Multiple Mask Tokens

For those wishing to [MASK] several tokens, here this is.

My question, however, relates to the output. I added “top_k” assuming I’d be able to return multiple sentences, but that was not the case. I am not sure how exactly I can achieve this.

import torch
from transformers import BertTokenizer, BertModel,BertForMaskedLM
 
tokenizer = BertTokenizer.from_pretrained('bert-base-cased')
 
input_tx = "[CLS] [MASK] [MASK] [MASK] of the United States mismangement of the Coronavirus is its distrust of science. [SEP]"
tokenized_text = tokenizer.tokenize(input_tx)
indexed_tokens = tokenizer.convert_tokens_to_ids(tokenized_text)
top_k = 10
tokens_tensor = torch.tensor([indexed_tokens])
segments_tensors = torch.tensor([[0]*25])
 
model = BertForMaskedLM.from_pretrained('bert-base-cased')
 
outputs = model(tokens_tensor, token_type_ids=segments_tensors)
predictions = outputs[0]
predicted_index = [torch.argmax(predictions[0, i]).item() for i in range(0,24)]
predicted_token = [tokenizer.convert_ids_to_tokens([predicted_index[x]])[0] for x in range(1,24)]
print(predicted_token)


`Output: 'The', 'main', 'cause', 'of', 'the', 'United', 'States', 'mi', '##sman', '##gement', 'of', 'the', 'Co', '##rona', '##virus', 'is', 'its', 'di', '##st', '##rust', 'of', 'science', '`

Hi there! First of all, please note that in the latest release, the recommended way to preprocess your input is just to call the tokenizer on your test:

import torch
from transformers import BertTokenizer, BertModel,BertForMaskedLM
 
tokenizer = BertTokenizer.from_pretrained('bert-base-cased')
input_txt = "[MASK] [MASK] [MASK] of the United States mismanagement of the Coronavirus is its distrust of science."
inputs = tokenizer(input_txt, return_tensors='pt')

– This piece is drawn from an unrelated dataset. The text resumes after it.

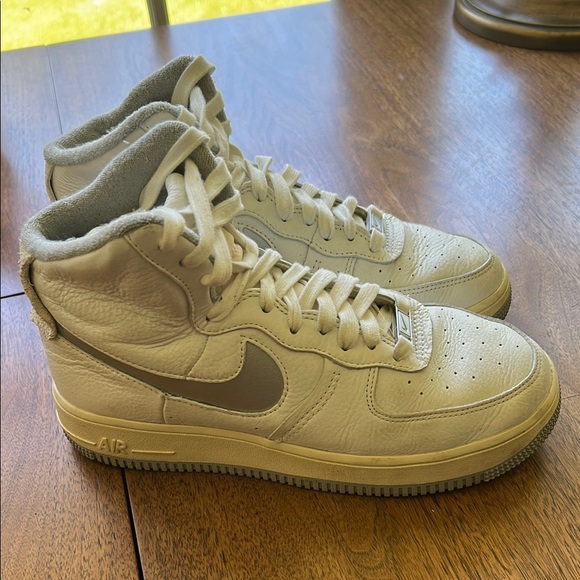 Nike Air Force 1 Sneakers - Picture 3 of 11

This returns a dict string to tensors (since I asked to return pytorch tensors with the last argument) and you can then directly call your model on it:

model = BertForMaskedLM.from_pretrained('bert-base-cased')
 
outputs = model(**inputs)
predictions = outputs[0]

At this stage, predictions is the output of our language model before the softmax (we won’t care about that since the probabilities after the softmax or the activations before are in the same order). You ask for the most probable token, so it only returns that. If you want, say, the most probable 10 tokens, you could go:

sorted_preds, sorted_idx = predictions[0].sort(dim=-1, descending=True)
for k in range(10):
    predicted_index = [sorted_idx[i, k].item() for i in range(0,24)]
    predicted_token = [tokenizer.convert_ids_to_tokens([predicted_index[x]])[0] for x in range(1,24)]
    print(predicted_token)
3 Likes

Thank you so much for your help. I really appreciate your in-depth explanation.

1 Like

Is there a way to retrieve the probabilities of the words retrieved in the multiple masks? Any help will be really appreciated.

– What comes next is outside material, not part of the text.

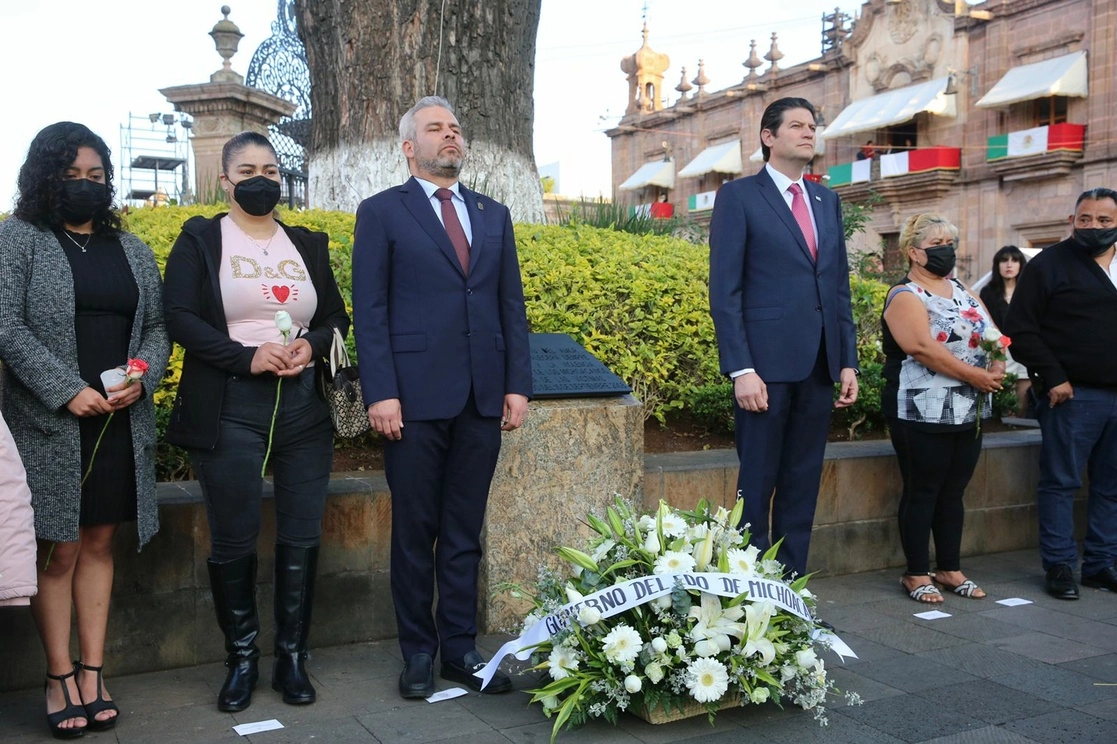 Guardia de honor del gobernador Alfredo Ramírez Bedolla y el alcalde de Morelia, Alfonso O Martínez, el 15 de septiembre de 2022. Foto ‘La Jornada’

Is there a way to retrieve the probabilities of the words retrieved in the multiple masks?

Since experimental support for multi-masking was recently added to the fill-mask pipeline, retrieving the score for each token is supported, although it is still unclear clear what the correct semantics should be. If you want to use the targets parameter, this is only supported in the single-mask case. @Lysandre goes into further details in the PR discussion.